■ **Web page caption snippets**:
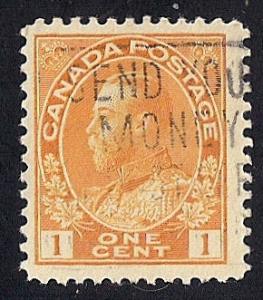 Canada #105 1 cent LOGO CANCEL King George 5 Stamp used F-VF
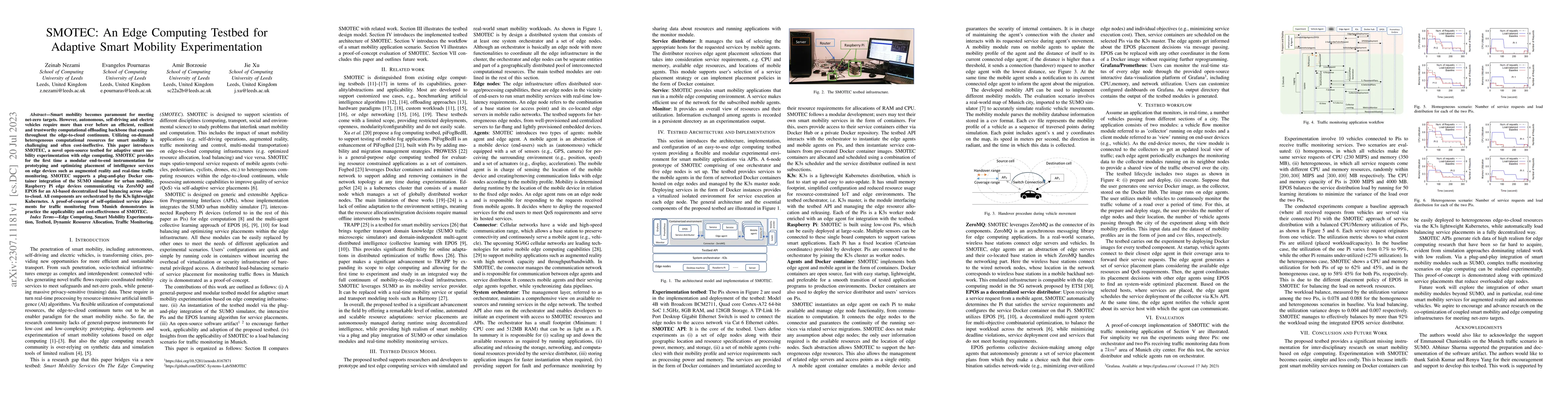 Thumbnail for SMOTEC: An Edge Computing Testbed for Adaptive Smart Mobility
  Experimentation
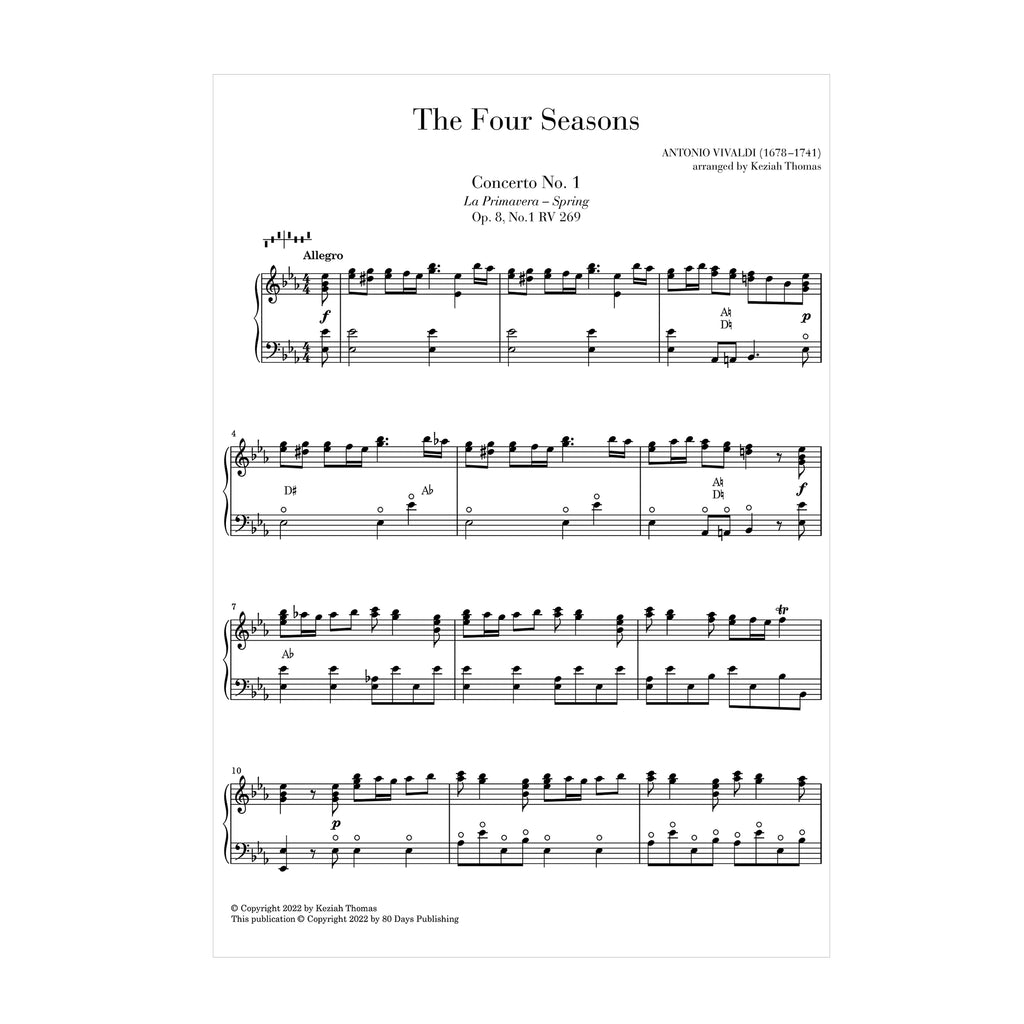Vivaldi - The Four Seasons arr. for harp by Keziah Thomas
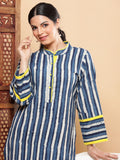 Indigo Handblock Stripe with Yellow Pop Kurta Pant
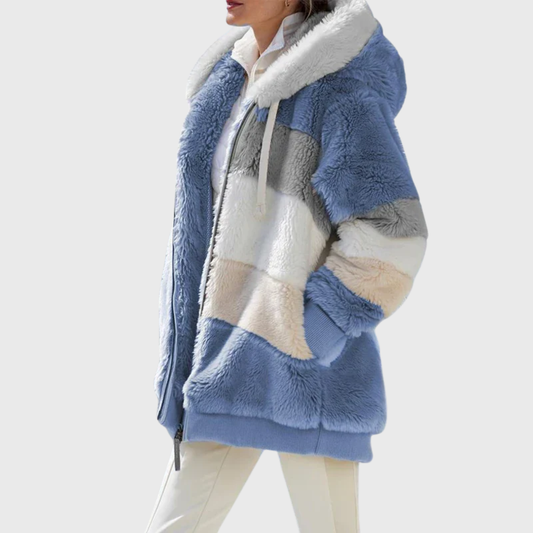 Veste teddy oversize à capuche et empiècements colorés pour femme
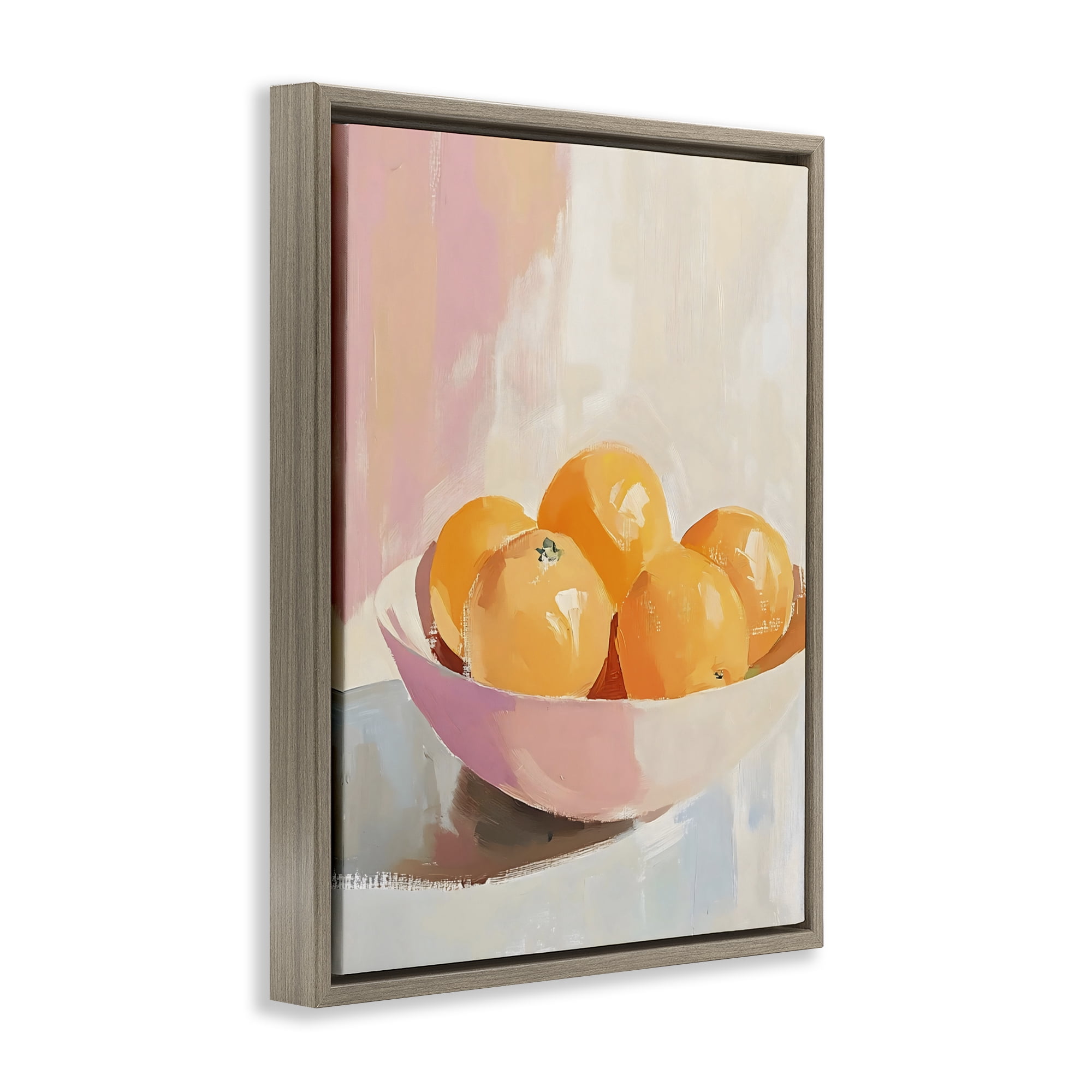 Stupell Industries Pastel Bowl of Oranges Brown Framed Floater Canvas Wall Art, design by The Prints Vibe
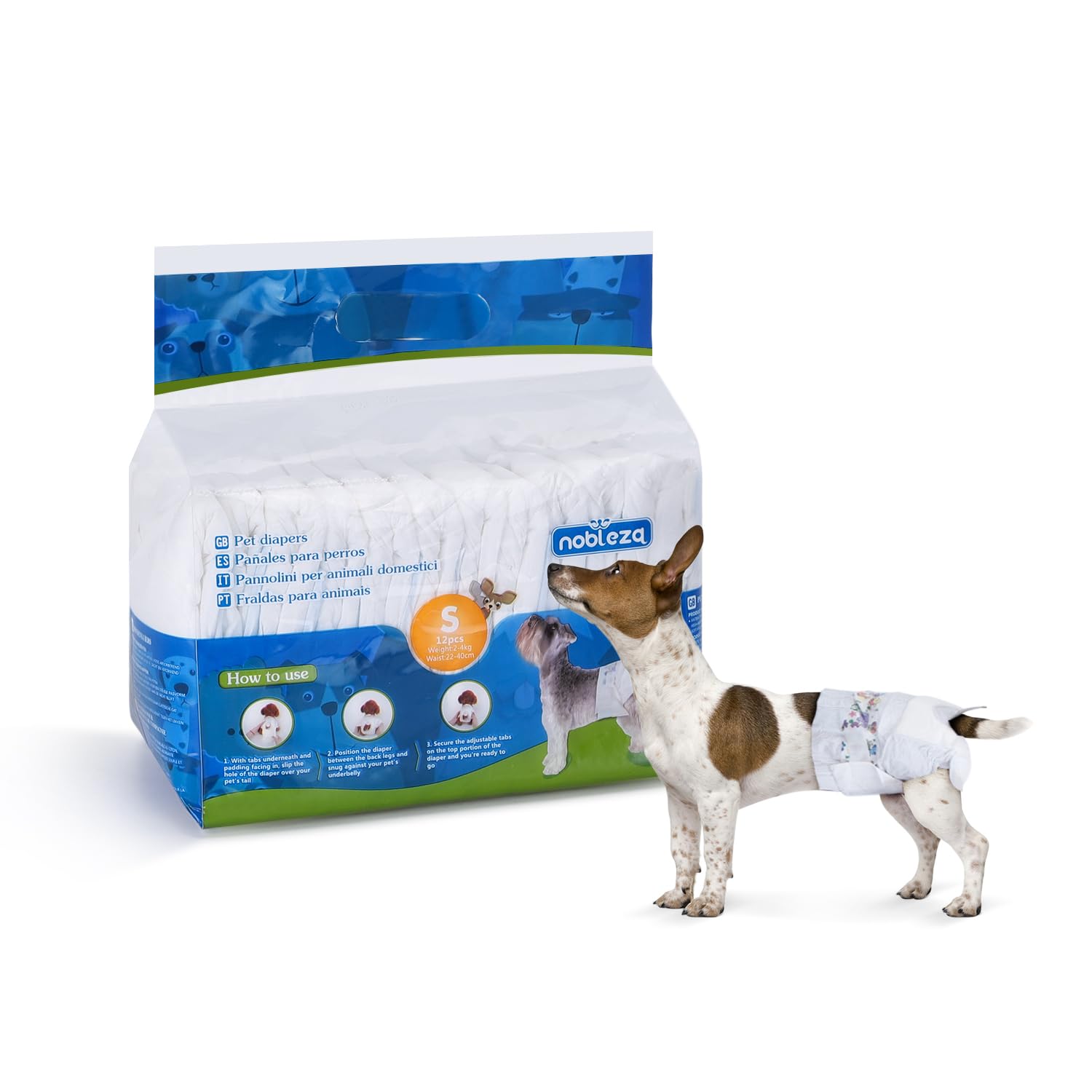 Nobleza - Disposable Dog Diapers for Female, Puppy nappies small, Training Diapers with Leak Proof Fit, Super absorbent, Easy to adjust, Ultra Protection Dog Pants, 12 Packs, Waist 9-16 Inch, S: 2-3KG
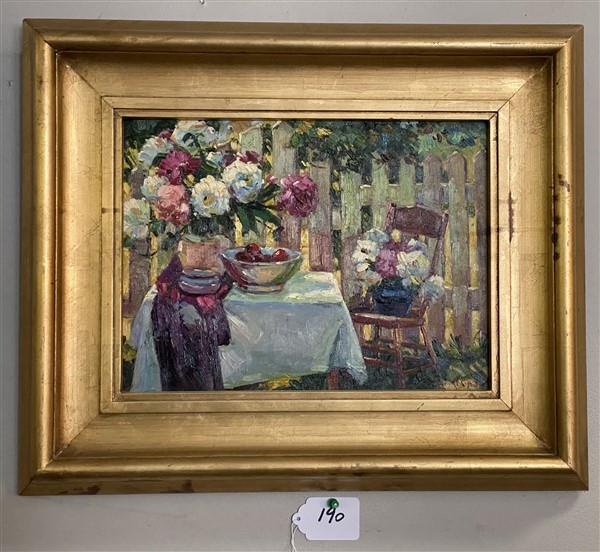 Delightful Framed Outdoor Still Life o/c Signed K. Yunj 20"x 24" (1 of 4)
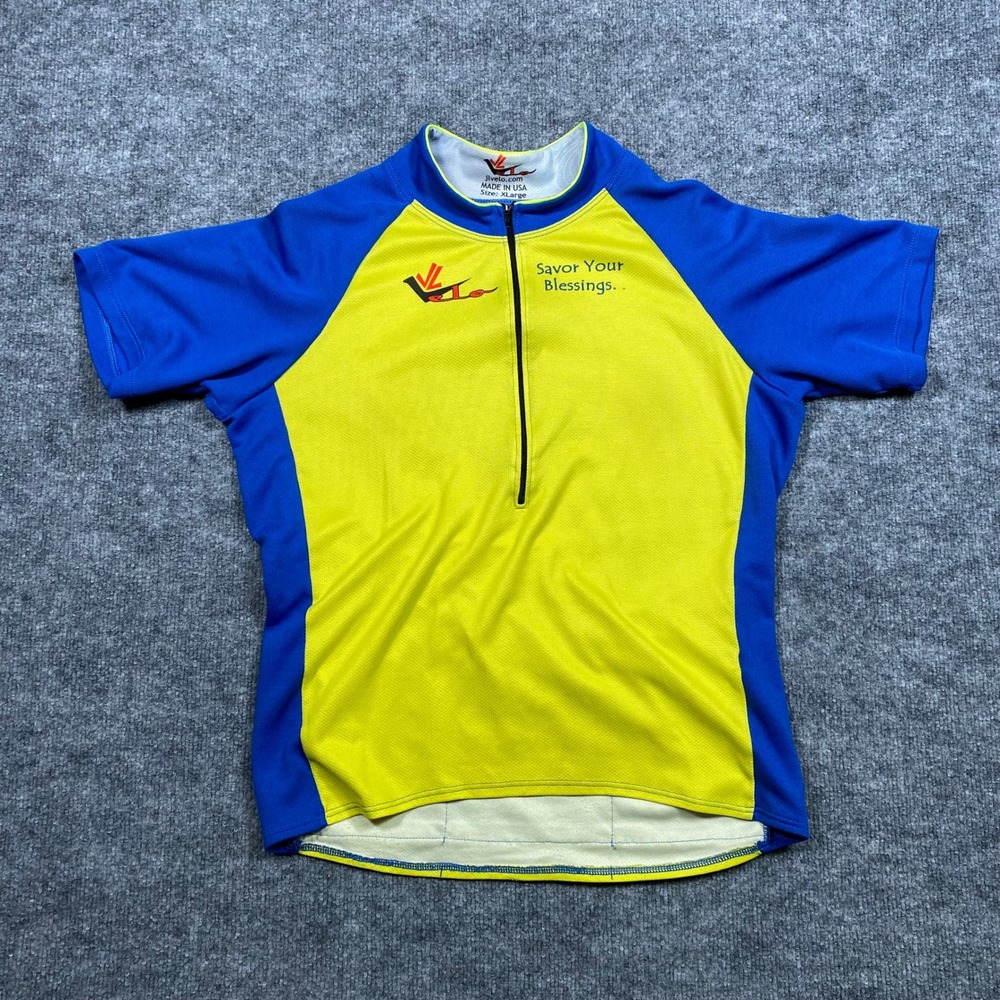 JL Velo Cycling Jersey‎ Mens XL Savor Your Blessings Blue Yellow Made in USA Zip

■ **YOUR GOAL**: Quote every record above exactly, leaving out any pictures.

■ **RESPONSE AREA**:
 Canada #105 1 cent LOGO CANCEL King George 5 Stamp used F-VF
 Thumbnail for SMOTEC: An Edge Computing Testbed for Adaptive Smart Mobility
  Experimentation
Vivaldi - The Four Seasons arr. for harp by Keziah Thomas
 Indigo Handblock Stripe with Yellow Pop Kurta Pant
 Veste teddy oversize à capuche et empiècements colorés pour femme
 Stupell Industries Pastel Bowl of Oranges Brown Framed Floater Canvas Wall Art, design by The Prints Vibe
 Nobleza - Disposable Dog Diapers for Female, Puppy nappies small, Training Diapers with Leak Proof Fit, Super absorbent, Easy to adjust, Ultra Protection Dog Pants, 12 Packs, Waist 9-16 Inch, S: 2-3KG
 Delightful Framed Outdoor Still Life o/c Signed K. Yunj 20"x 24" (1 of 4)
 JL Velo Cycling Jersey‎ Mens XL Savor Your Blessings Blue Yellow Made in USA Zip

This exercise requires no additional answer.